I have an application that I need to run at a 10mSec rate (100hz) on a Windows 7/32 bit computer (that will also be running other applications at the same time). This interrupt can have some minimally late (100uSec) responses, but must not drift over a prolonged time. I have a program where I have loaded and used the NtSetTimerResolution to set the timers to 10msec resolution, and then created a timer using the CreateTimerQueue/CreateTimereQueueTimer functions with a callback routine that toggles a GPIO pin (for the time being) - this produces the expected square wave, so long as I am not doing anything else with the system. When I start a couple of other processes, the accuracy of my square wave goes out the window. Is there any way to get a higher priority level on the timer interrupt (or is there another timer that I can use) that will produce a more stable output (perhaps the SMI)?

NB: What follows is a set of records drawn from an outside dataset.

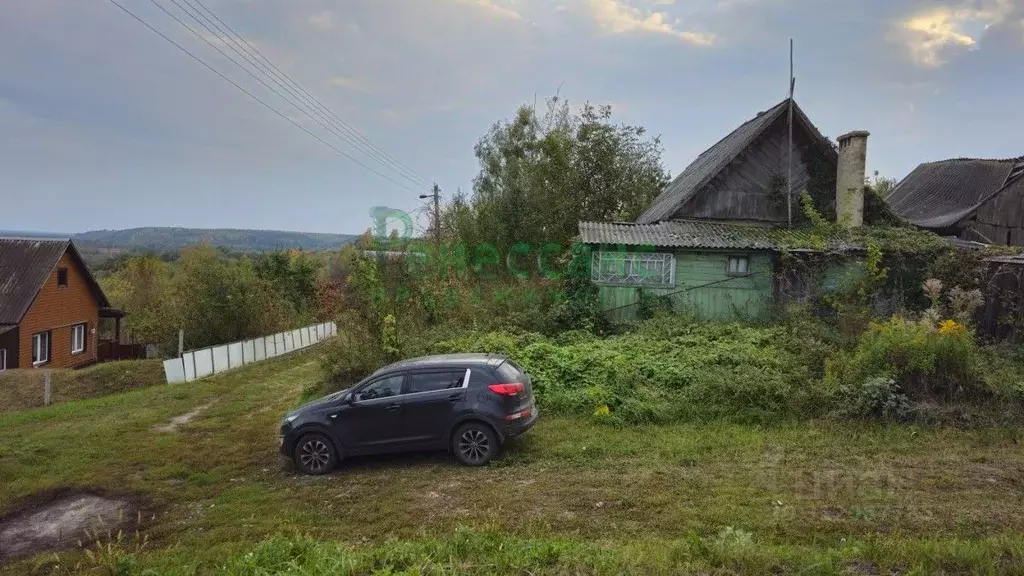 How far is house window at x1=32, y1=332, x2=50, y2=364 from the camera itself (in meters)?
25.6

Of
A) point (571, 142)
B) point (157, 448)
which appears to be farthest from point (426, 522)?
point (571, 142)

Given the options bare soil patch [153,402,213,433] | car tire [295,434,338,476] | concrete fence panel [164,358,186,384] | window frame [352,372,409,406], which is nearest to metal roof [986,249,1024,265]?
window frame [352,372,409,406]

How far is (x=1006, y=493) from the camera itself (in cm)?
637

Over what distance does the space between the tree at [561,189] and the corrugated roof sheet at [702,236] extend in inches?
415

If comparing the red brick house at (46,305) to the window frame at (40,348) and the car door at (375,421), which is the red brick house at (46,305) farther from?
the car door at (375,421)

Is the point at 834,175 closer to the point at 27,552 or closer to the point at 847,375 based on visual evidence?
the point at 847,375

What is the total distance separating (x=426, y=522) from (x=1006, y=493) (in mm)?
6356

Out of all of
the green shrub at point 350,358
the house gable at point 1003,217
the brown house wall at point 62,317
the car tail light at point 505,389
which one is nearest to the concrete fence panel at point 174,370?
the brown house wall at point 62,317

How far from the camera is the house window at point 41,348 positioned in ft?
84.1

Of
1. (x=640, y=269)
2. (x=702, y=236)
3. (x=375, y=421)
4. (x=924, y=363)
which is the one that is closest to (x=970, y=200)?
(x=702, y=236)

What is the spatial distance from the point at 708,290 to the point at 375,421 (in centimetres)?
1073

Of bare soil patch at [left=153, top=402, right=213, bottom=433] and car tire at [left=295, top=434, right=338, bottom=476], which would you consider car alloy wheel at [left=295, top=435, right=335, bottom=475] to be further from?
bare soil patch at [left=153, top=402, right=213, bottom=433]

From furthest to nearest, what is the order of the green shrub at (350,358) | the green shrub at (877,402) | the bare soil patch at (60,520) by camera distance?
the green shrub at (350,358)
the green shrub at (877,402)
the bare soil patch at (60,520)

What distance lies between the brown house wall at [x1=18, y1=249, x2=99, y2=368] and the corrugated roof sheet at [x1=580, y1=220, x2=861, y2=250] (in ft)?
80.2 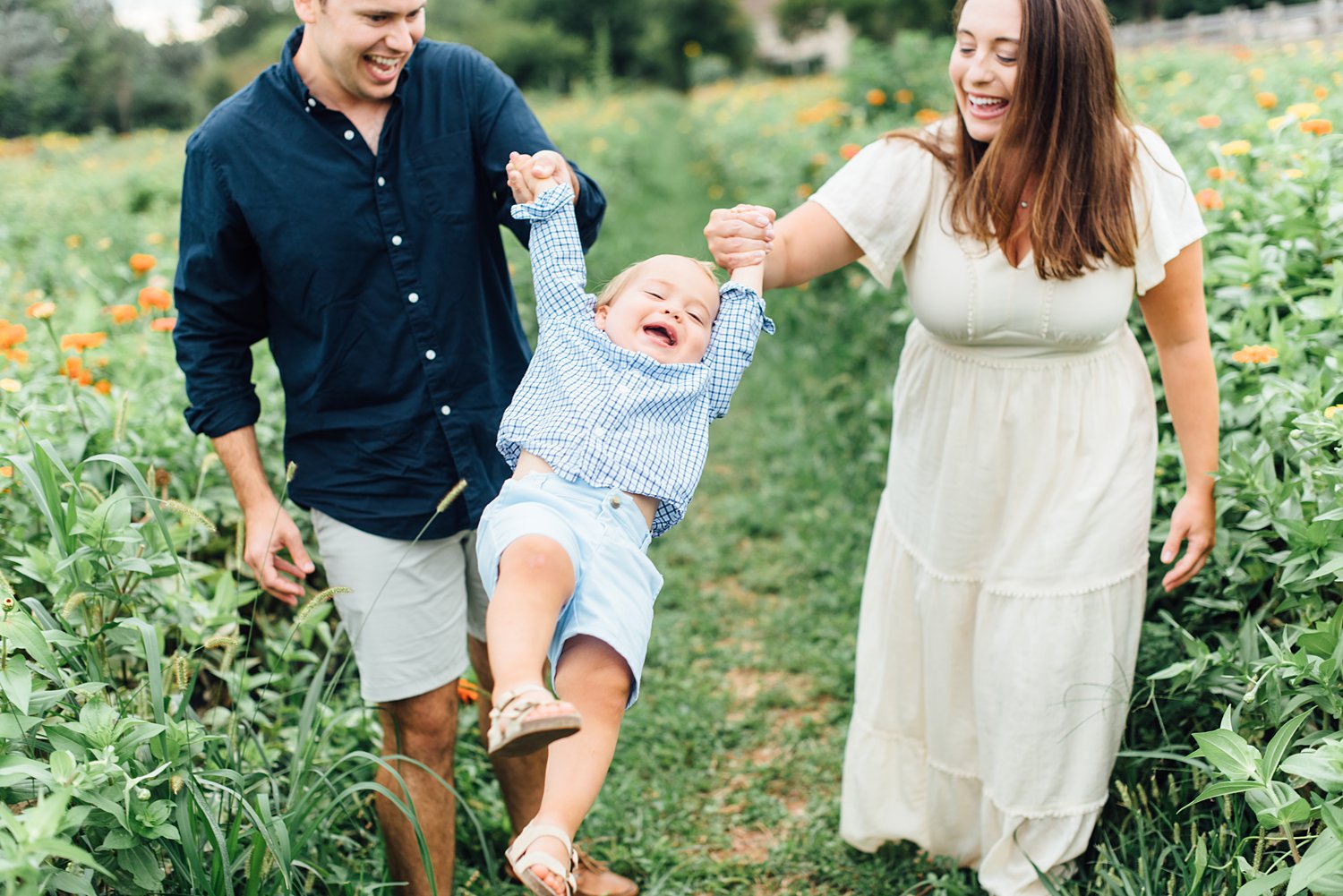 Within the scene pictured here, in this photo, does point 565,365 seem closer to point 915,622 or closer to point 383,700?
point 383,700

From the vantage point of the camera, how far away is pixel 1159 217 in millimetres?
2443

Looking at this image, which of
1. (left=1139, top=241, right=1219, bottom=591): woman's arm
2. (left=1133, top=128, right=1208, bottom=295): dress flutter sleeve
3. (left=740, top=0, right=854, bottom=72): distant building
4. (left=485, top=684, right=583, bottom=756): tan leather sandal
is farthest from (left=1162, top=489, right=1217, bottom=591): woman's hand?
(left=740, top=0, right=854, bottom=72): distant building

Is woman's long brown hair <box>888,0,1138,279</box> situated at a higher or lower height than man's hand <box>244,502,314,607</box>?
higher

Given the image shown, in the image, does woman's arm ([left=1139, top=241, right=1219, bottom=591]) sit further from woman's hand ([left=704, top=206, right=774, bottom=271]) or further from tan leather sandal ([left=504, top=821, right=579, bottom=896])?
tan leather sandal ([left=504, top=821, right=579, bottom=896])

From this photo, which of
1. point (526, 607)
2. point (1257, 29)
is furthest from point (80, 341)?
point (1257, 29)

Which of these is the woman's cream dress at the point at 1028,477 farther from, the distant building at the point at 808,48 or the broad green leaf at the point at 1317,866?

My code is below, and is built using the x86 checked build environment of the Windows DDK, and run from a command shell with administrator rights:
/*
Abstract:
Simple console test app for a 10mSec timer interrupt service
Enviroment:
Administrator Mode
*/
/* INCLUDES */
#include <windows.h>
#include <winioctl.h>
#include <stdio.h>
#include <string.h>
#include <stdlib.h>
#include <conio.h>
#include <strsafe.h>
#include <stdlib.h>
#include <stdio.h>
#include <winsock2.h>
#include <mswsock.h>
#pragma warning(disable:4127) // condition expression is constant
FARPROC pNtQueryTimerResolution;
FARPROC pNtSetTimerResolution;
static HANDLE NTDLLModuleHandle;
static HINSTANCE hInpOutDll;
typedef void ( __stdcall *lpOut32 )( short , short );
typedef short ( __stdcall *lpInp32 )( short );
typedef BOOL ( __stdcall *lpIsInpOutDriverOpen )( void );
//Some global function pointers (messy but fine for an example)
lpOut32 gfpOut32;
lpInp32 gfpInp32;
lpIsInpOutDriverOpen gfpIsInpOutDriverOpen;
void CALLBACK TimerProc(void* lpParameter,
BOOLEAN TimerOrWaitFired);
// MAIN
VOID __cdecl main( void )
{
ULONG ulMinRes = 0;
ULONG ulMaxRes = 0;
ULONG ulCurRes = 0;
HANDLE phNewQueue;
HANDLE phNewTimer;
phNewQueue = CreateTimerQueue( );
NTDLLModuleHandle = LoadLibrary( "NTDLL.DLL" );
if( NULL == NTDLLModuleHandle )
{
return;
}
// Get the function pointers,
pNtQueryTimerResolution = GetProcAddress( NTDLLModuleHandle, "NtQueryTimerResolution" );
pNtSetTimerResolution = GetProcAddress( NTDLLModuleHandle, "NtSetTimerResolution" );
if( ( pNtQueryTimerResolution == NULL ) || ( pNtSetTimerResolution == NULL ) )
{
printf( "unable to link to ddl\n\n\n\n\n\n" );
return;
}
pNtQueryTimerResolution( &ulMinRes, &ulMaxRes, &ulCurRes );
printf( "MMR: %d %d %d\n", ulMinRes, ulMaxRes, ulCurRes );
ulMaxRes = 100000;
pNtSetTimerResolution( ulMaxRes, TRUE, &ulCurRes );
pNtQueryTimerResolution( &ulMinRes, &ulMaxRes, &ulCurRes );
printf( "MMR: %d %d %d\n", ulMinRes, ulMaxRes, ulCurRes );
//Dynamically load the DLL at runtime (not linked at compile time)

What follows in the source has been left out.